Christmas Eve came on too quickly. I’d never dreaded Christmas nearly this much—never dreaded it at all, as it happened, because I was the kind of soft lesbian who liked twinkling lights and cozy evenings in front of the fireplace—but now it was my timer on how much time I had left with Brooke. An alarm to wake me up from a beautiful dream. I was a morning person, but this was one alarm I couldn’t stand.

“I’ve been wondering, Nicole, dear,” my mom said, as I helped her clean up from the Christmas Eve celebration at the lodge. Outside the kitchen windows, the sun sank low over the mountain horizon, the last sunset before Christmas. I normally watched it with giddy excitement, but today it was a heavy feeling in my stomach as I set the plates down in the sink and turned to my mom.

“What’s wrong?” I said, and she gave me an odd smile.

“Now, I didn’t say anything was wrong. I’m more wondering what’s right. You, my darling, have seemed to be very happy lately. And very spending-time-with-Brooke.”

“That’s not an adjective, Mom.”

“Let your mother adjective-ify a word.”

“And that one’s not a verb.” I turned back to the window. “You know, we both cottoned on a while ago to the fact that you and Mrs.
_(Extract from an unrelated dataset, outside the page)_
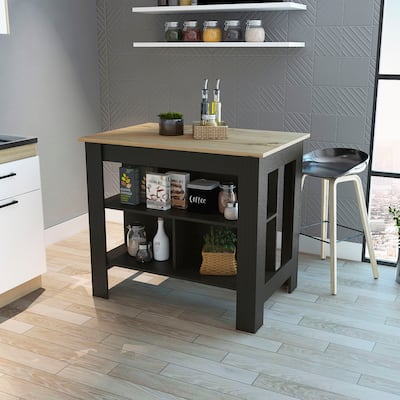 Rockaway 3-Shelf Kitchen Island Black Wengue and Light Oak
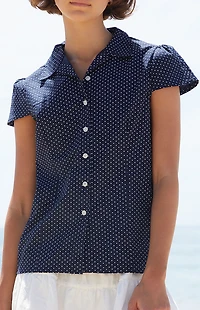 John Galt Navy Polka Dot Rue Collared Top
Carston were trying to get us together.”

“What are you talking about?” she laughed, her voice strained.

“Come off it,” I said, shooting her a look over my shoulder. “You’re so busted.”

She sighed, picking up her cup of tea and leaning against the counter, staring out the window. “It’s just… Brooke always completed you, Nicole. She was just… the other half of you. When I heard she was coming back to Mountain Crossing, I was just as nervous as I was excited, because I was worried things might have changed, you two might have grown in different directions. But you’re even happier together than you were before. And I just want you to be that happy forever.”

I went back to scrubbing the dishes, just trying to pour my focus into them, forget about everything else. “Brooke,” I started, not even sure where the sentence was going, “is a very wonderful person… and a very talented artist.”

“I think this town could use a musician, don’t you think?”

I sighed, setting down the dishes again and turning back to her. “Mom, she doesn’t live here. She lives in Charlotte. And I’m not going to tell her to just… uproot her entire life and move here to stay with me.” I dropped my gaze to the floor, my voice falling off. “Even if I really want to.”

“Oh, Nicole, baby.” She set down her tea, and a second later, I found myself swept up in her arms, pulled in for a tight hug. “You’ve always been a bit troublesome on the surface, but deep down, I know you’ve always just wanted to avoid getting in anyone’s way. That’s why you got a cabin all the way out there in the woods when you could well have just stayed here as long as you liked—why you’re always listening to everyone around you and never talking about yourself. You’ve always just wanted to make sure everyone else is okay before asking for something for yourself, but look, darling, it’s really okay to ask for what you want. And it’s okay to get what you want, too.”

I buried my face in her shoulder. “Ugh, Mom. I’m not a kid anymore. I’m not going to cry on you like this.”

“We never stop being kids. We just get tall, and start having bills.”

I squeezed my eyes shut. “I still… wasn’t fully recovered from Sabrina leaving. She was wonderful. She was so many things, and when she left, I told myself I wasn’t doing that anymore. And then Brooke… Brooke came back, and I did it again, but so much harder this time, because Brooke is everything. She’s what I always wanted. And she’s going to leave, too. I knew she was leaving, but I still…”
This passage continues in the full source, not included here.